Le deuxième tiers du long-métrage fait donc entrer les parents en scène et offre progressivement les clés à la résolution de son énigme. Encore une fois, le film a la bonne idée de ne pas abattre l'ensemble de ses cartes tout de suite et se laisse le temps de dessiner l'amour bien réel qui existe entre Stephanie et ses parents malgré son abandon afin de préparer le terrain aux enjeux tragiques découlant de la véritable teneur de la révélation tant attendue. Celle-ci nous sera amenée par une addition d'éléments issus en grande partie de l'existence d'une dissonance toujours plus croissante dans cet amour parental et de nouveaux détails sur le contexte extérieur levant le voile sur l'inéluctable drame à venir.

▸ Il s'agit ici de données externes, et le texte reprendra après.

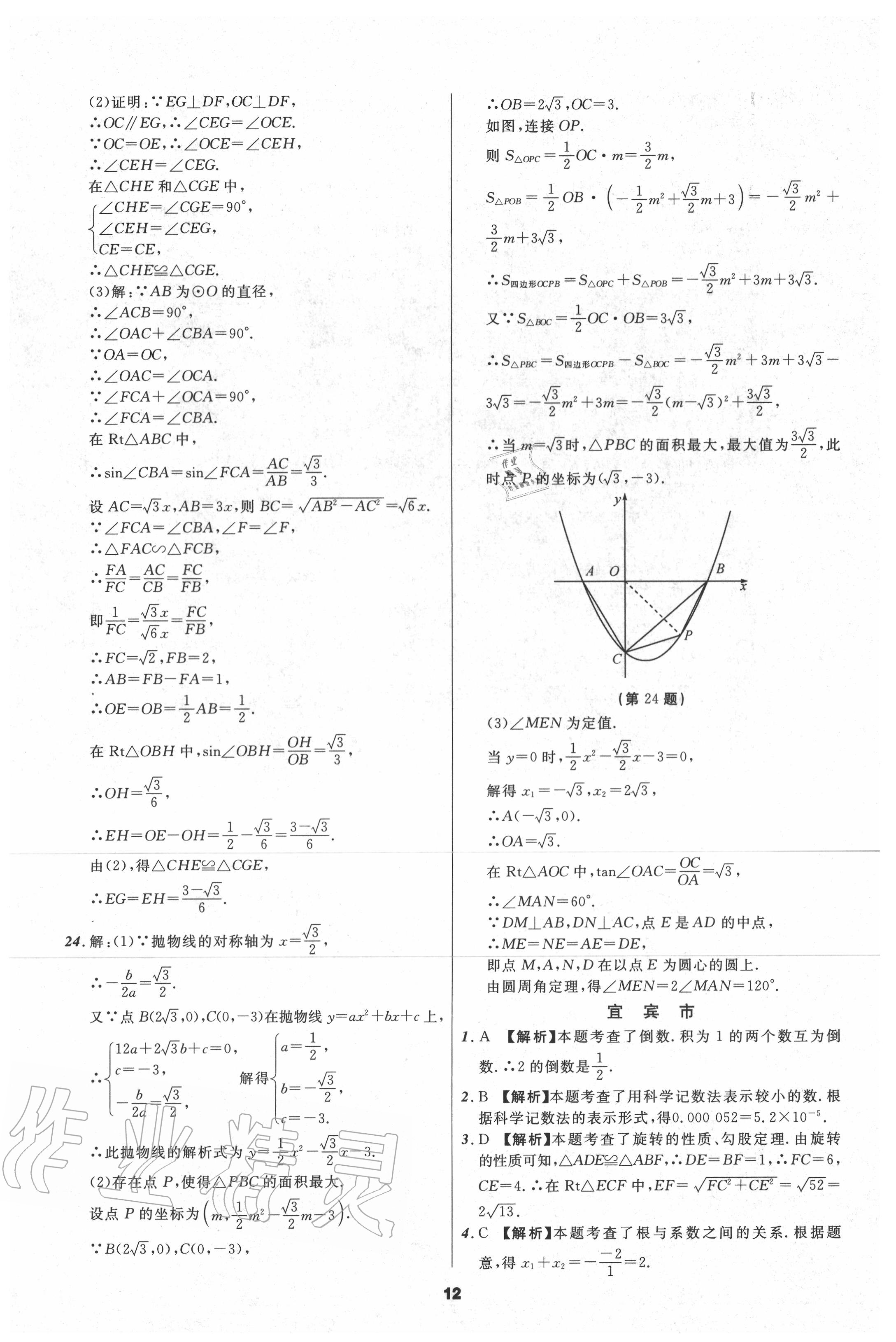 2020年中考必备数学四川专版 第14页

Mais la grande question est bien entendu de savoir si les réponses apportées sont à la hauteur de nos interrogations suscitées par la première partie du film ? À vrai dire, on reste partagé.
Oui car "Stephanie" a pleinement réussi son pari de nous attacher émotionnellement aux deux parties en lutte dans l'intimité de ce huis-clos et rend palpable la tension dramatique autour d'un terrible dilemme inévitable (les efforts des interprètes en ce sens sont aussi à saluer).
Et non car le film souffre de l'insuffisance des détails disséminés en permanence sur le monde extérieur, leur nombre restreint donne tout autant l'impression de dissimuler un background en réalité bien trop classique qu'il crée une sorte d'inconsistance nuisant à la crédibilité de l'ensemble (il aurait en fait fallu l'étoffer un peu plus vers quelques pistes inédites pour le rendre vraiment réaliste).
Sur ce dernier point, il convient de préciser qu'après avoir été projeté dans des festivals, "Stephanie" a subi un re-montage drastique éliminant un point de vue extérieur qui devait sûrement développer sa mythologie (des scènes se déroulant dans un laboratoire notamment) pour recentrer le film en véritable huis-clos. Un choix qui, de toute évidence, aura eu des conséquences aussi positives que néfastes.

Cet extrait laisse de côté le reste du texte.